Infatti, qualora la divinità fosse sottomessa alla logica, allora non si tratterebbe più di una autentica divinità per ipotesi.
Scenario 3: logos ed esistenza sono categorie tra loro di medesimo rango:
Ci troviamo in quest’ultimo caso all’interno del più classico scenario panteista à là Spinoza, in cui
esistenza/non esistenza = Logos = divinità.
Vediamo perché: in questo caso la logica e le categorie di esistenza o non esistenza hanno il medesimo rango. Per ipotesi, anche la divinità non può essere sottomessa anche in questo caso alle categorie di logica o di esistenza o di non esistenza. Dunque, la divinità essendo perfetta non mancherà di racchiudere in se stessa anche le categorie di uguale gerarchia di logica e di esistenza o di non esistenza, come vari aspetti della medesima sostanza. Ci troviamo dunque nella consueta situazione del Dio-natura di Spinoza. In questo caso, esistono due possibilità:
A) La natura è infinita, e dunque il “capoclasse” di cui parla Godel, essendo coincidente con la natura, ha anche lui a disposizione –oltreché la caratteristica dell’esistenza, in quanto cartatteristica positiva per eccellenza- la caratteristica dell’infinità, caratteristica che lo rende simile al tipo di divinità che abbiamo visto effettivamente nello scenario 1.
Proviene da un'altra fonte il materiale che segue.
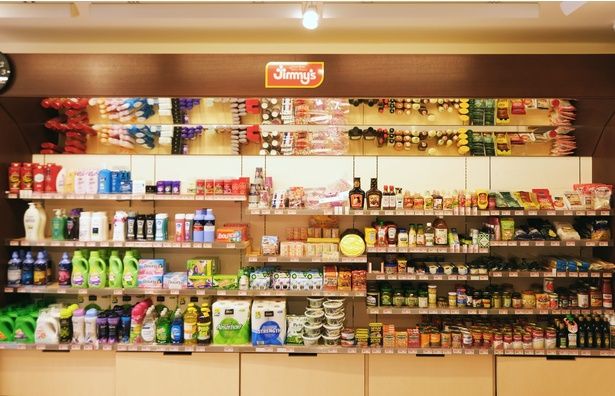 外国のお菓子や日用品が並ぶグロサリーコーナー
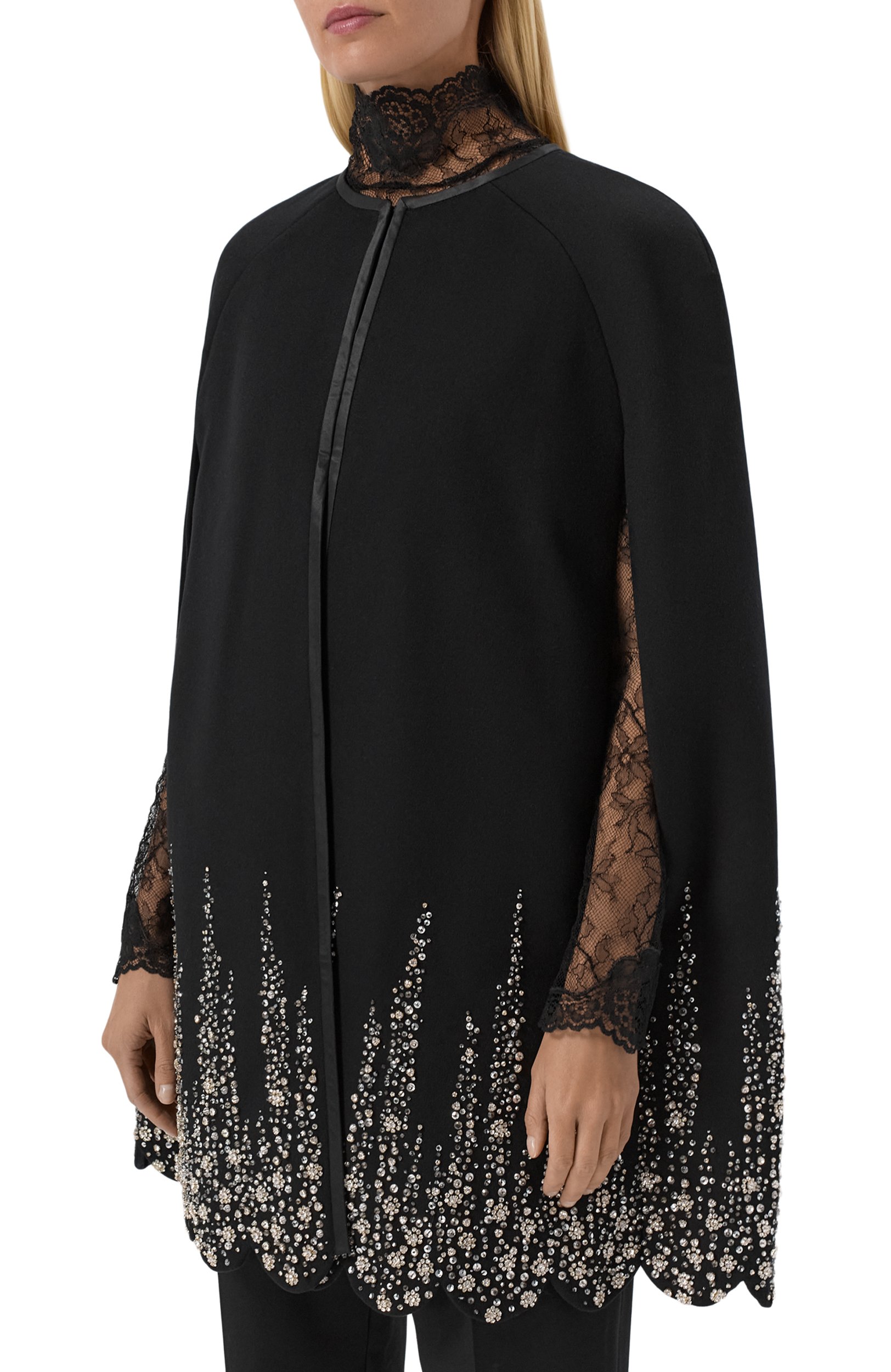 Кейп из шерсти и кашемира VALENTINO черного цвета по цене 1130000 руб., арт. 9B3CG4YA/6JA, фото 3 Кейп из шерсти и кашемира VALENTINO, арт. 9B3CG4YA/6JA, фото 3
B) La natura è finita, e dunque, per l’ipotesi di coincidenza tra Dio e natura, anche la divinità lo è. In tale ipotesi la divinità non ha dunque a disposizione la caratteristica dell’infinità, che di fatto lo rende molto simile al “capoclasse” descritto nella confutazione di Godel. E’ però configurabile come dio panteista in quanto in esso coincidono sia le categorie di esistenza che di Logos. Anche in questo caso, dunque, tale essere panteista per definizione dovrebbe avere tutte le caratteristiche positive, e perciò anche quelle dell’esistenza.
Sono dunque, per concludere, possibili tre scenari: uno in cui è effettivamente valido il ragionamento à là Godel e in stile Anselmo, in cui è possibile dimostrare l’esistenza di Dio,
un altro in cui tale dimostrazione non è possibile, ma è analogamente impossibile ogni tipo di confutazione della non esistenza di tale entità, ed un ultimo scenario in cui tale divinità sarebbe una sorta di dio panteista in stile Spinoza.
Insomma, parrebbe che se il mondo è stato effettivamente creato da qualcuno, quel qualcuno è stato molto attento a scegliere un tipo di logica nella quale ognuno è libero di scegliere liberamente ciò in cui credere. Ognuna di queste ipotesi è infatti al suo interno perfettamente logica e coerente, a voi la scelta!